((

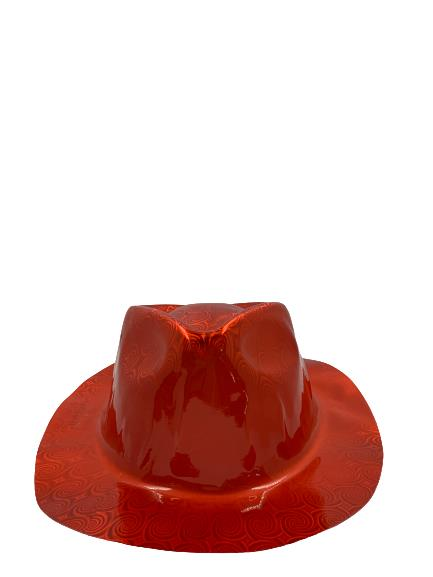 HOLOGRAMLI PLASTİK FÖTR ŞAPKA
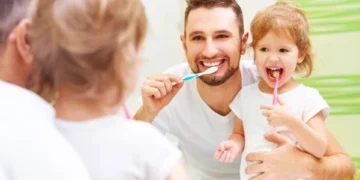 The Right Way to Brush Your Teeth
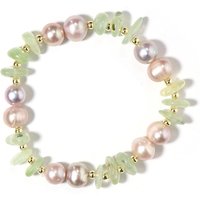 Prehnit-Armband (Riya) Prehnit-Armband (Riya)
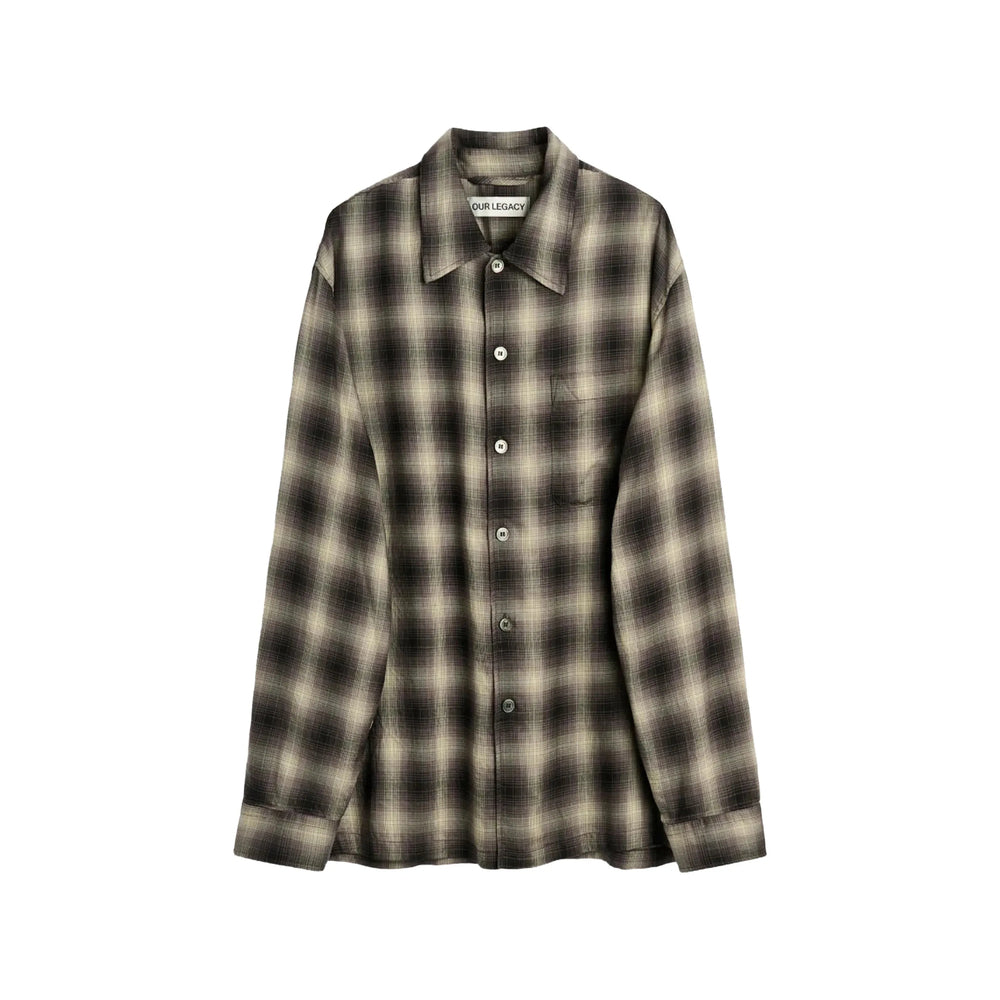 Our Legacy Neutrals Shirts Men OUR LEGACY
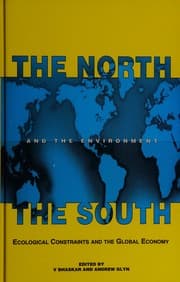 Tapa de The North, the South, and the environment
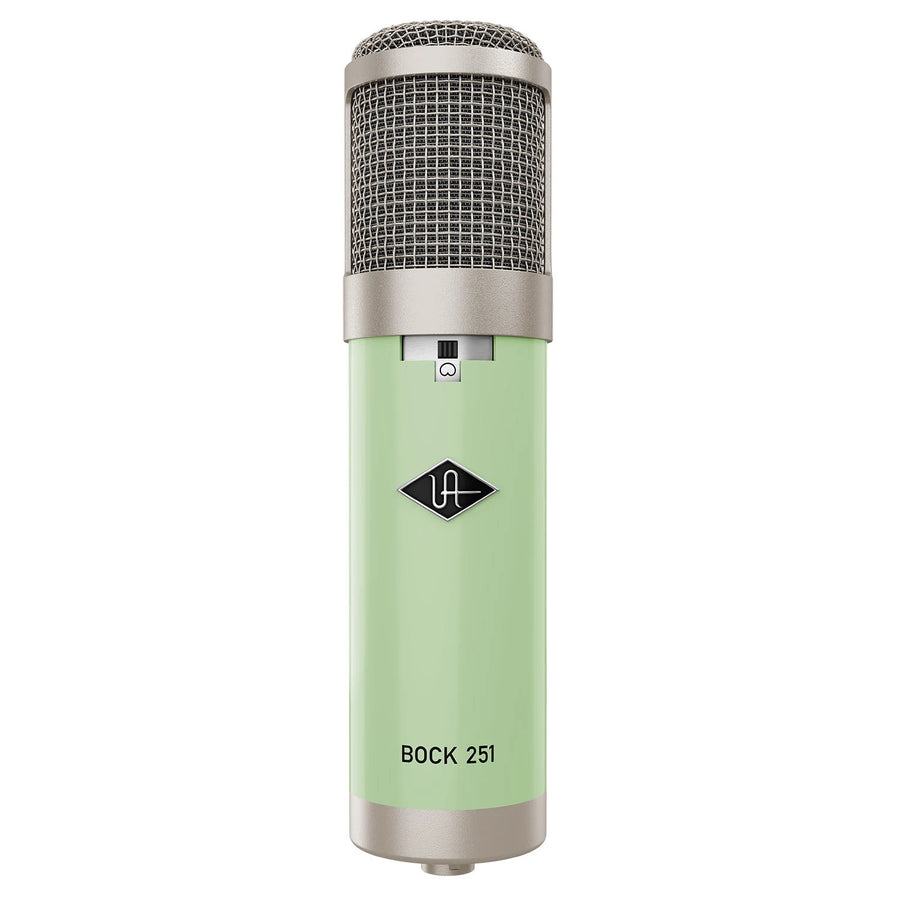 Universal Audio UA Bock 251 green large-diaphragm tube condenser microphone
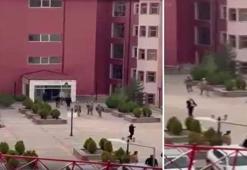 Gümüşhane Üniversitesi’nde hareketli dakikalar! Silahlı kişi, memuru rehin aldı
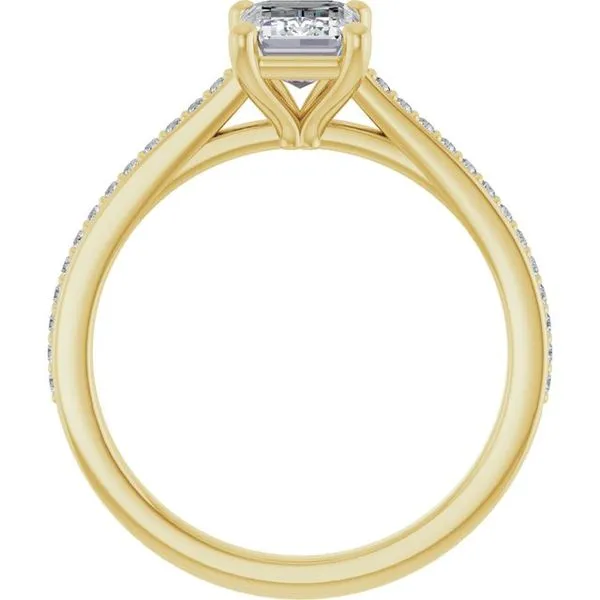 Accented Engagement Ring Image 2 Mark Jewellers La Crosse, WI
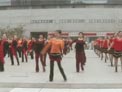 西湖莉莉广场舞舞队成立5周年庆祝活动 完整版 自由自在 彩虹的微笑 愿望 蝴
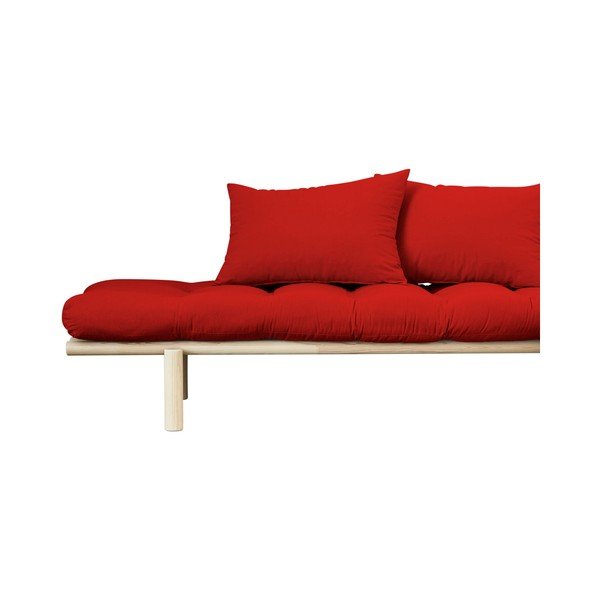 Canapea Karup Pace Natural/Red-image-2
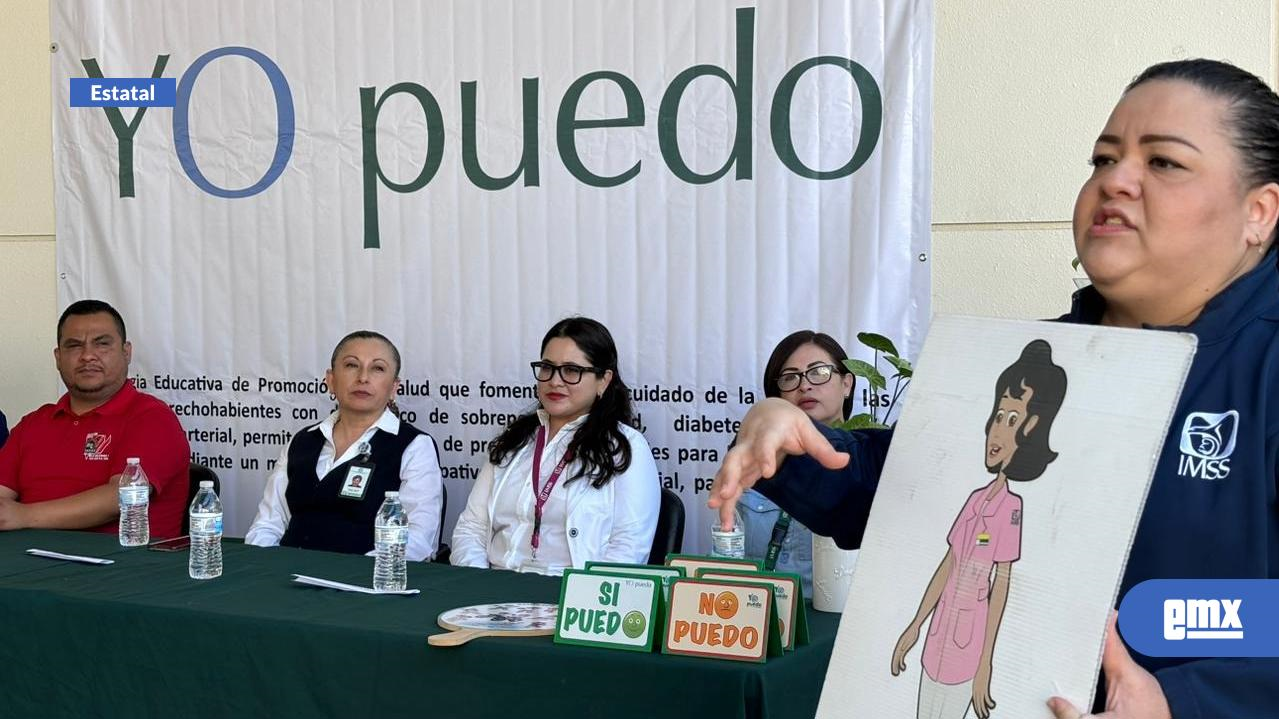 EMX-Presenta IMSS BC estrategia educativa “Yo Puedo” en UMF 40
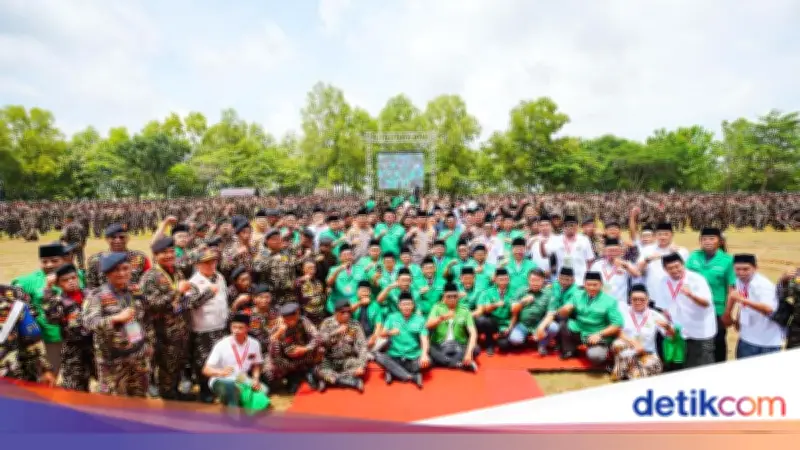 Kapolri Tegaskan GP Ansor dan Banser Sahabat Polri, Ajak Sinergi Jaga Kamtibmas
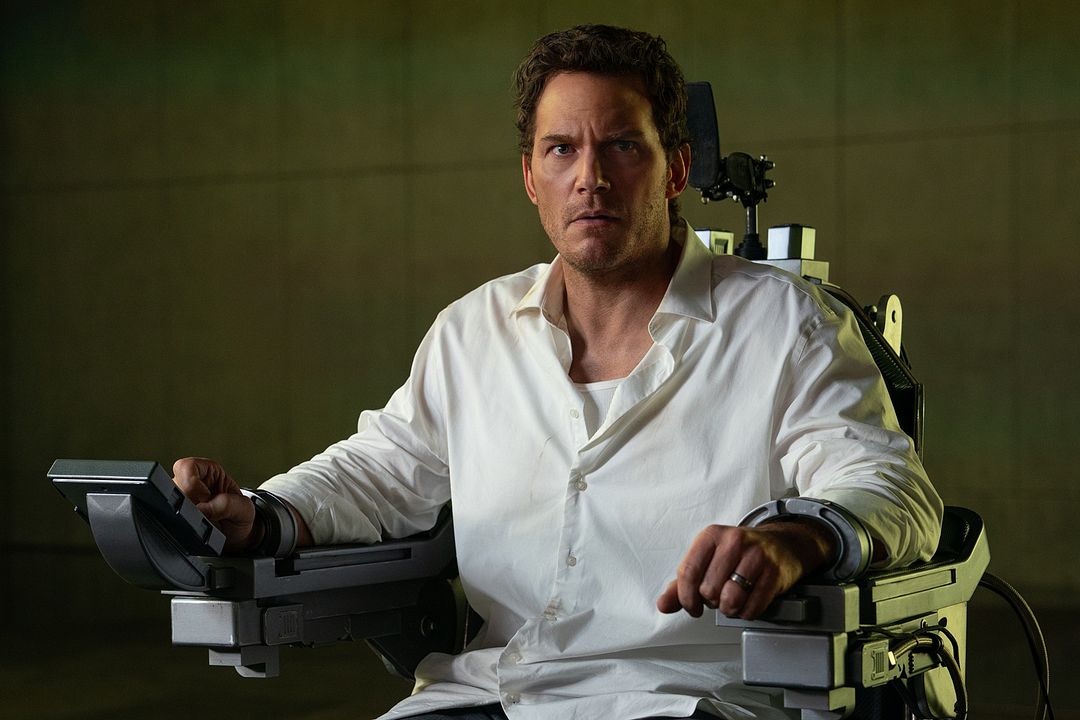 Justiça Artificial: Chris Pratt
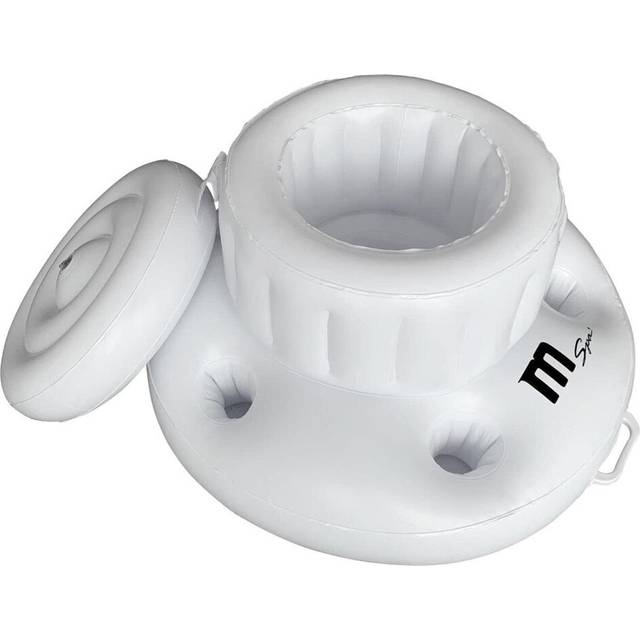 Mspa 64cm Inflatable PVC Icebox & Snack Food Storage Drinks Cooler Cup Holder Hot Tub Accessories
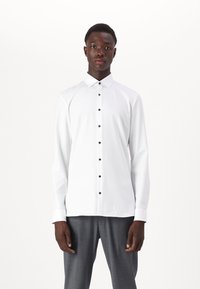 OLYMP No. Six PERFORMANC - Finskjorte - weiss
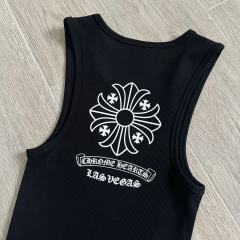 1:1 quality version Cross Scroll Print Tank Dress 29306372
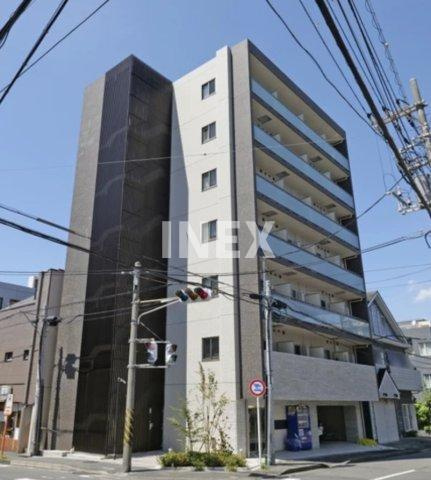 横浜市南区東蒔田町の賃貸マンションの外観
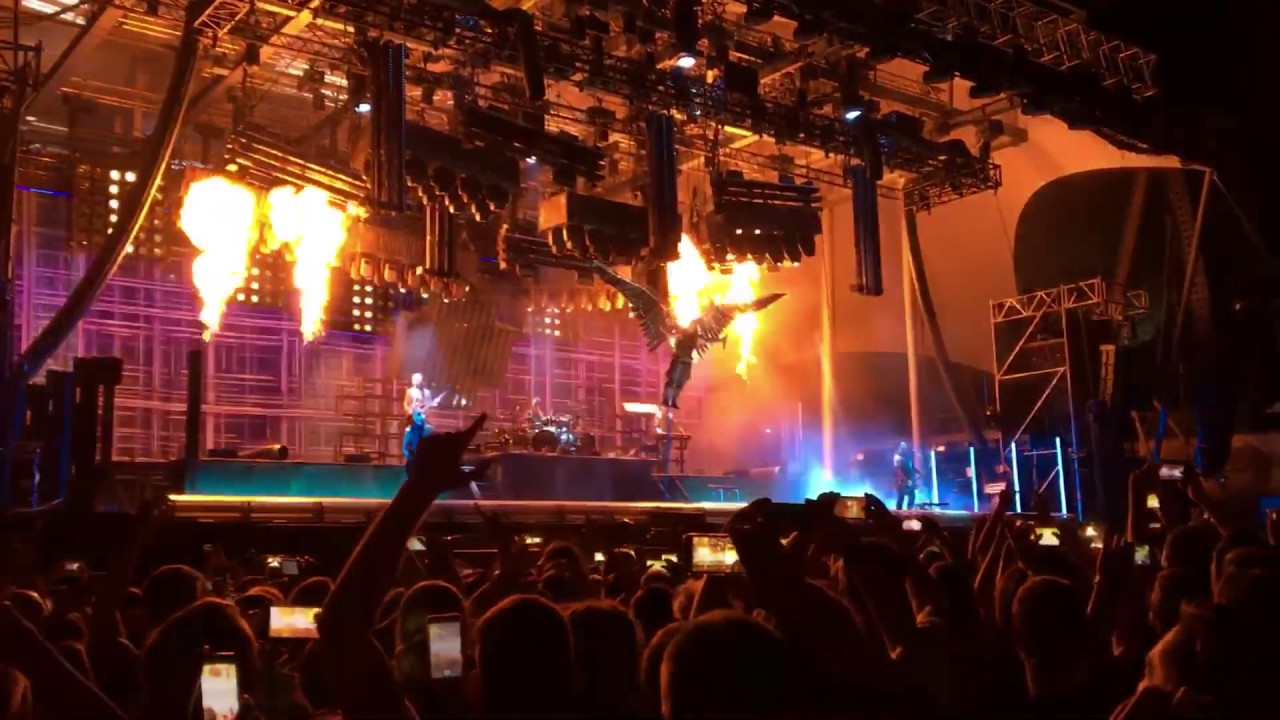 Rammstein - Engel (Live Germany 2016)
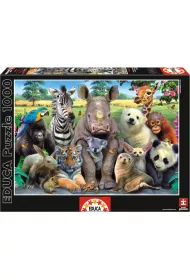 Puzzle 1000 el. Zdj�cie klasowe Educa
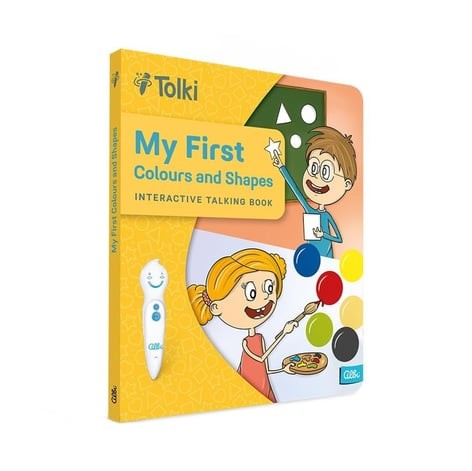 My First Colours And Shapes Electronic Talking Pen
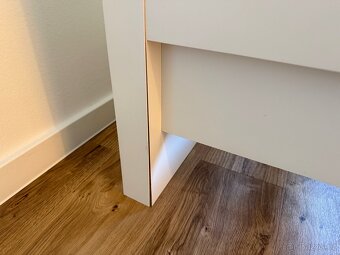 Postel IKEA Malm + 2x rošt - 3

))

» TASK TO COMPLETE: Every line above should be transcribed word for word; leave the pictures out.

» RESULT OF THIS TASK:
 HOLOGRAMLI PLASTİK FÖTR ŞAPKA
 The Right Way to Brush Your Teeth
 Prehnit-Armband (Riya) Prehnit-Armband (Riya)
 Our Legacy Neutrals Shirts Men OUR LEGACY
 Tapa de The North, the South, and the environment
 Universal Audio UA Bock 251 green large-diaphragm tube condenser microphone
 Gümüşhane Üniversitesi’nde hareketli dakikalar! Silahlı kişi, memuru rehin aldı
 Accented Engagement Ring Image 2 Mark Jewellers La Crosse, WI
 西湖莉莉广场舞舞队成立5周年庆祝活动 完整版 自由自在 彩虹的微笑 愿望 蝴
 Canapea Karup Pace Natural/Red-image-2
 EMX-Presenta IMSS BC estrategia educativa “Yo Puedo” en UMF 40
 Kapolri Tegaskan GP Ansor dan Banser Sahabat Polri, Ajak Sinergi Jaga Kamtibmas
 Justiça Artificial: Chris Pratt
 Mspa 64cm Inflatable PVC Icebox & Snack Food Storage Drinks Cooler Cup Holder Hot Tub Accessories
 OLYMP No. Six PERFORMANC - Finskjorte - weiss
 1:1 quality version Cross Scroll Print Tank Dress 29306372
 横浜市南区東蒔田町の賃貸マンションの外観
 Rammstein - Engel (Live Germany 2016)
 Puzzle 1000 el. Zdj�cie klasowe Educa
 My First Colours And Shapes Electronic Talking Pen
 Postel IKEA Malm + 2x rošt - 3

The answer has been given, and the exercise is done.